**Action item:** Every record below must be written out exactly. Leave out the pictures.

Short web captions

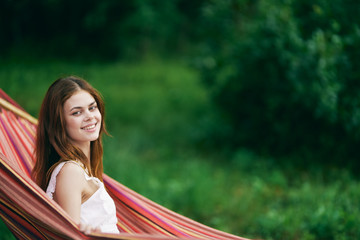 portrait of smiling woman with long hair and clear skin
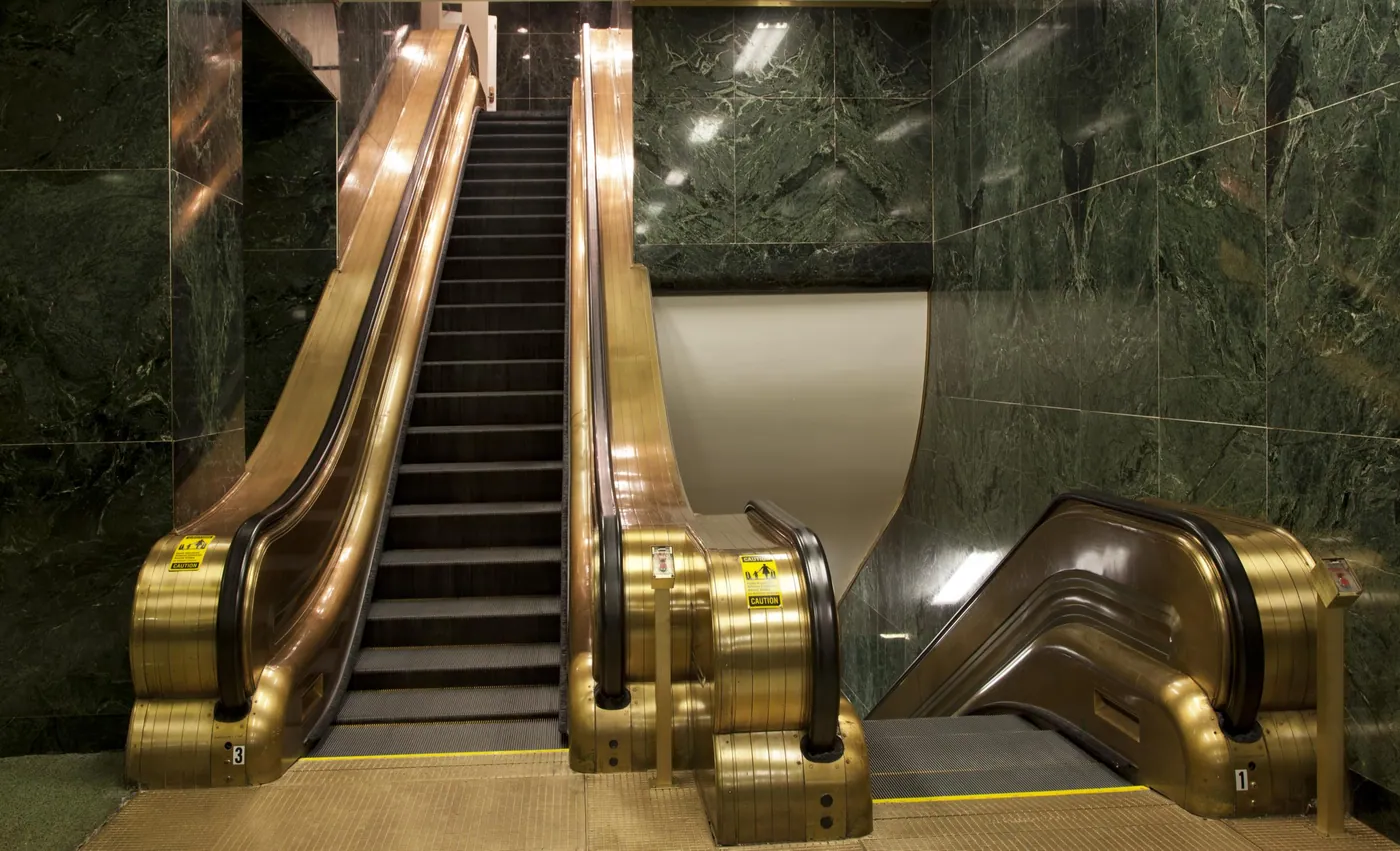Bronze-clad escalators rising between walls of polished dark green marble inside a Washington federal office building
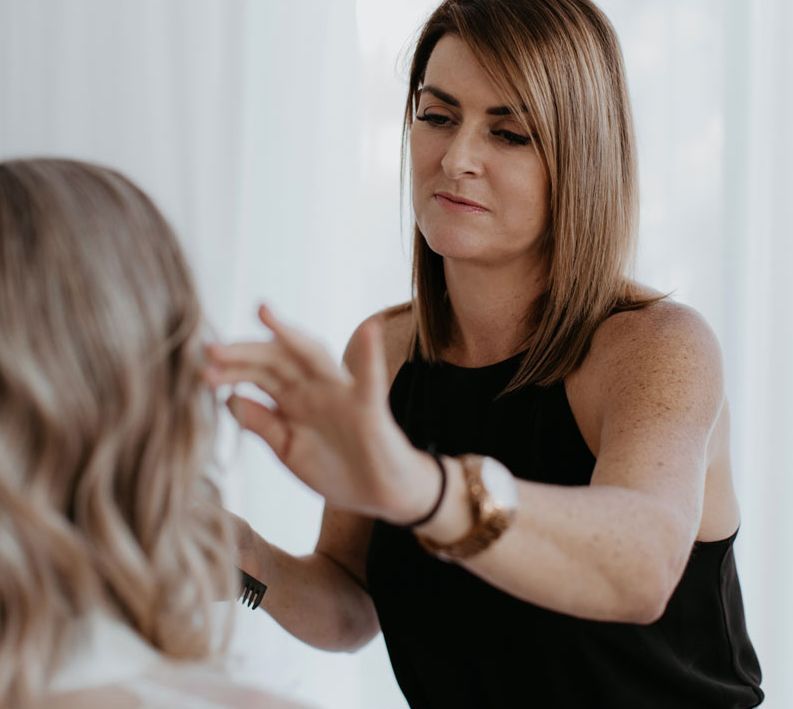 A woman in a black top is looking at her hair in a mirror.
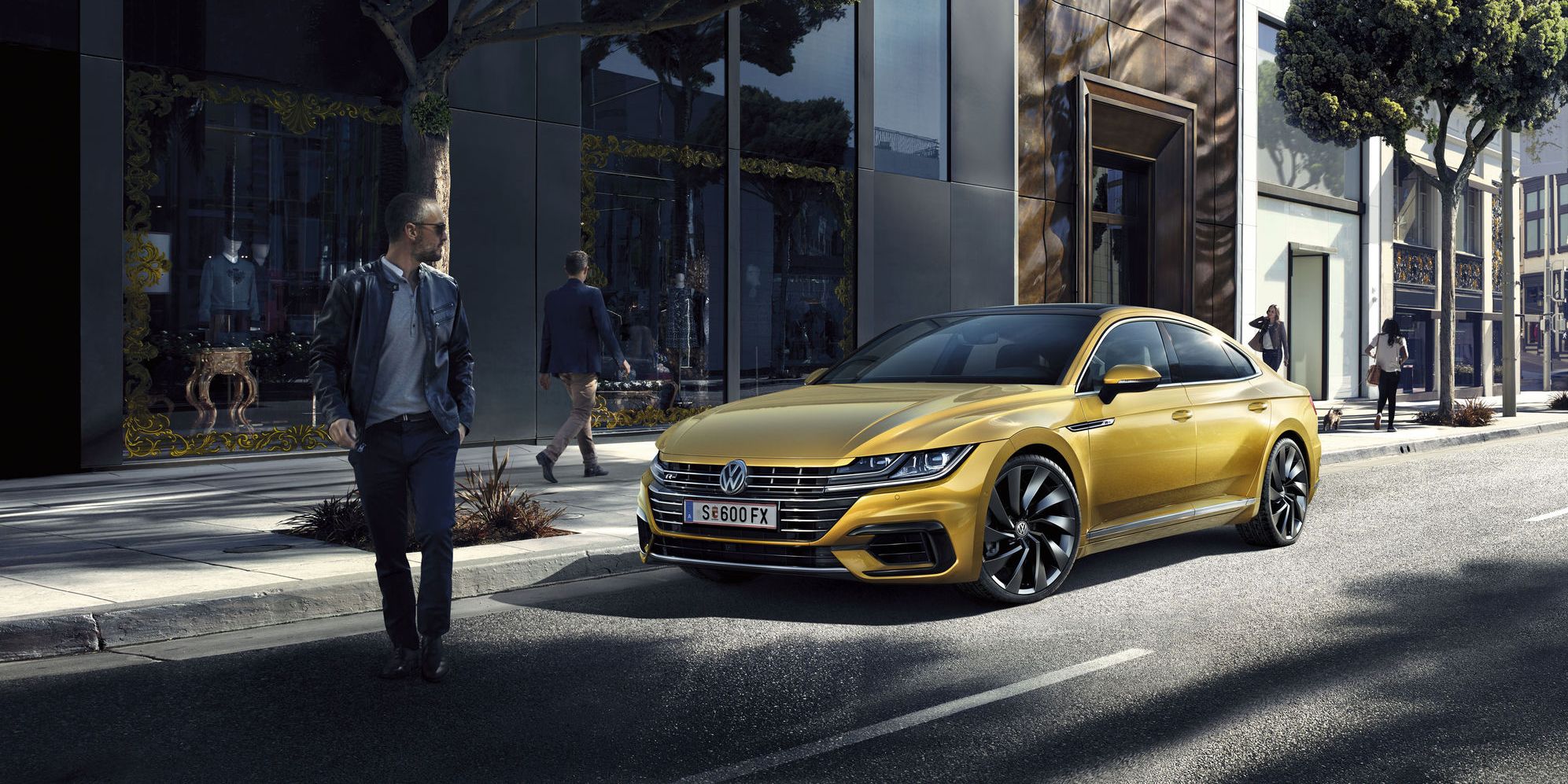 Стилен златист Volkswagen Arteon Shooting Brake паркиран на модерна градска улица
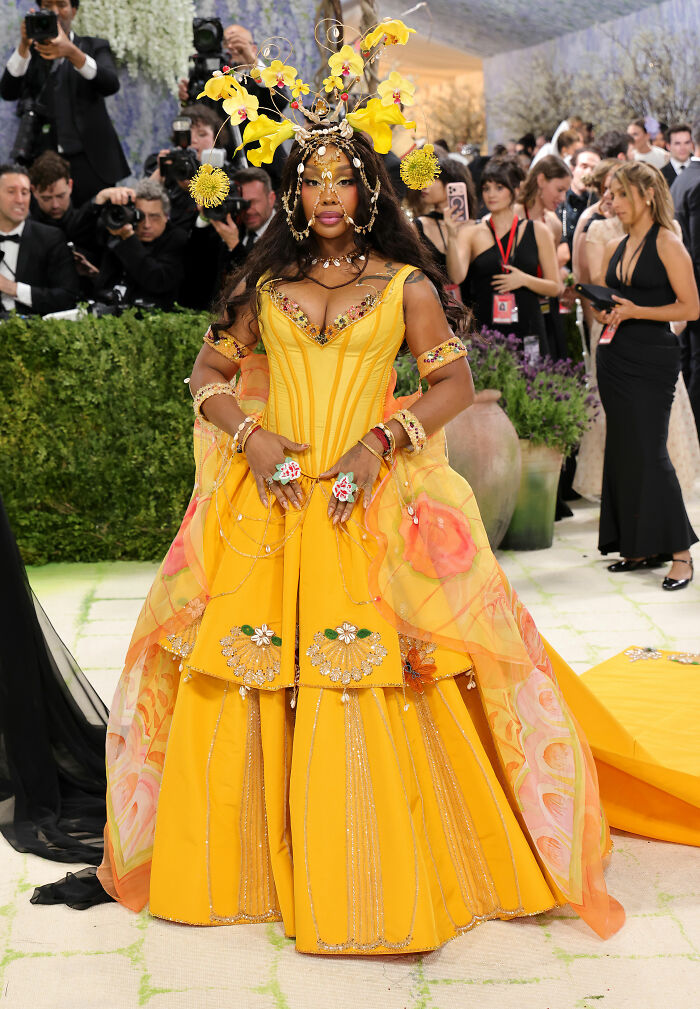 Jaw-dropping outfit from the 2026 MET Gala. A person in a vibrant yellow gown, ornate headpiece, and jewelry.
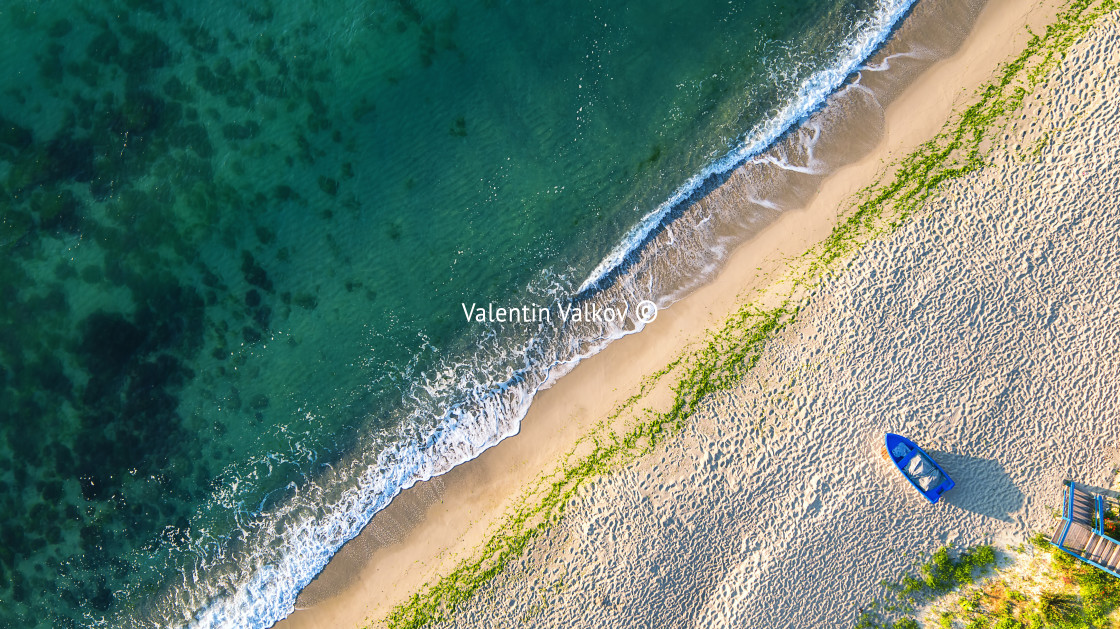 "Aerial view of ocean waves and sand on beach" stock image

**Response box:**
 portrait of smiling woman with long hair and clear skin
Bronze-clad escalators rising between walls of polished dark green marble inside a Washington federal office building
 A woman in a black top is looking at her hair in a mirror.
 Стилен златист Volkswagen Arteon Shooting Brake паркиран на модерна градска улица
 Jaw-dropping outfit from the 2026 MET Gala. A person in a vibrant yellow gown, ornate headpiece, and jewelry.
 "Aerial view of ocean waves and sand on beach" stock image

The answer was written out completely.